An intriguing, thorough study of a little-known scientific expedition to the Dead Sea by a mid-19th-century U.S. Navy lieutenant.
Bain (Literature/Middlebury Coll.; The Old Iron Road: An Epic of Rails, Roads, and the Urge to Go West, 2004, etc.) unearths the facts of this 1848 expedition to the Holy Land, made big news at the time before being eclipsed by buzz of the Gold Rush. Only a handful of Westerners had actually explored the Dead Sea region—most to unfortunate outcomes—before Lt. William Francis Lynch set off. Lynch, a seasoned sea salt from Virginia, was steeped in bestselling travel memoirs of the Levantine regions by John Lloyd Stephens and Edward Robinson, and proposed to the Secretary of the Navy an expedition to the Dead Sea. The purpose was to take its measurements and thereby “advance the cause of science and gratify the whole Christian world.” Added to the Dead Sea’s elusiveness was its grim biblical associations as the place that had swallowed up in sulphur and smoke the five cities of the Vale of Siddim smote by Jehovah—namely Admah, Zeboiim, Zoar, Sodom and Gomorrah. (“Lot’s wife looked back as they fled to Zoar and became a pillar of salt.”) Vastly salty, prohibiting anything from growing in it, the sea marked the lowest point on earth, without an outlet but fed by the Jordan River from the Sea of Galilee.
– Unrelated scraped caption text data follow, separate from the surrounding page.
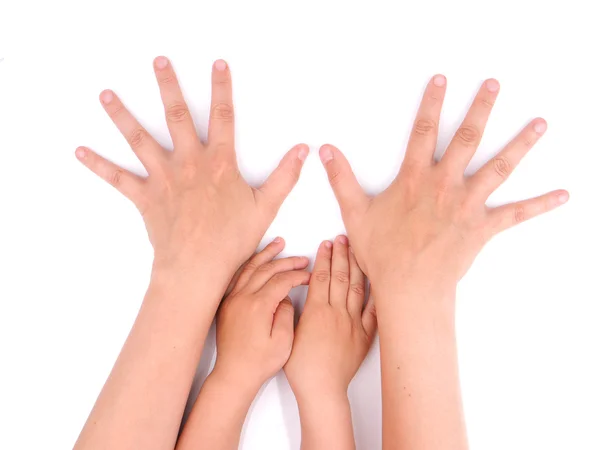 Руки ребенок и мать на белом фоне — стоковое фото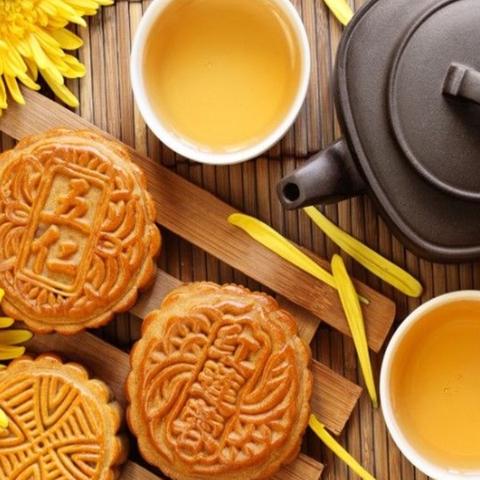 SET TRÀ BÁNH BTT02 ( 1 BÁNH TRÀ SỐNG 100G NĂM 2023 + 2 BÁNH TT 120G )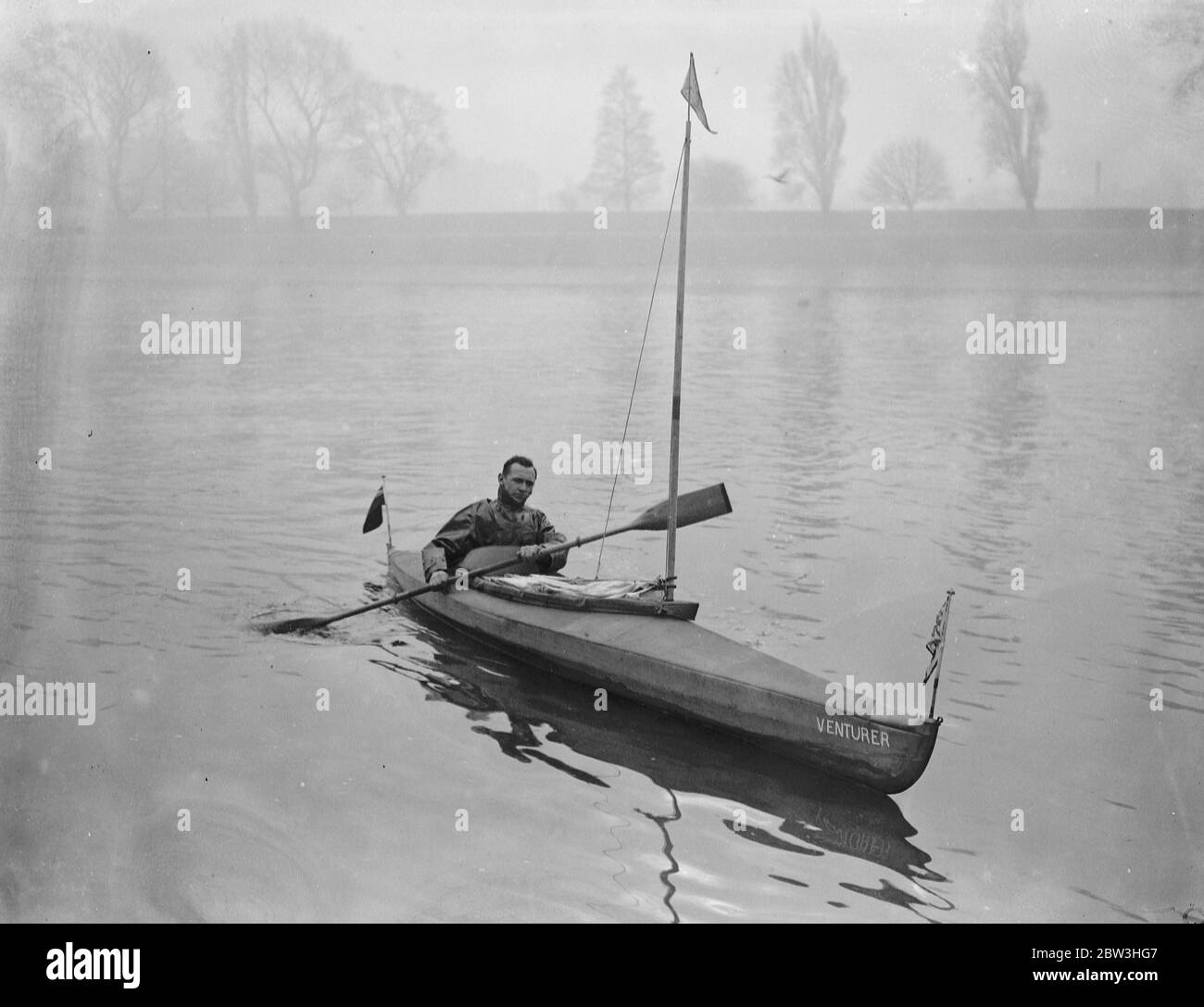 Homme de Londres pour tenter de faire du canoë-kayak à travers l'Atlantique , pour Â £ 5,000 prix . Photos : M. Leslie William Fairnie , qui propose de faire une traversée en canoë de l'Atlantique , en essayant son canoë sur la Tamise . 10 février 1935 Banque D'Images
Down the river careened the small expedition in two lifeboats, including Lynch, draftsman John B. Dale, several “young, muscular, native-born Americans” and invaluable Arab helpers; they passed ruins of Crusader fortresses and Bedouin villages, and were occasionally accosted by pilgrims. Bain amply extracts from Lynch’s journal, depicting this mysterious, desolate, intensely moving place. Also included are Dale’s drawings, which hold an eerie, fanciful charm.
Like the expedition itself, a work of stringent epistemological curiosity and research.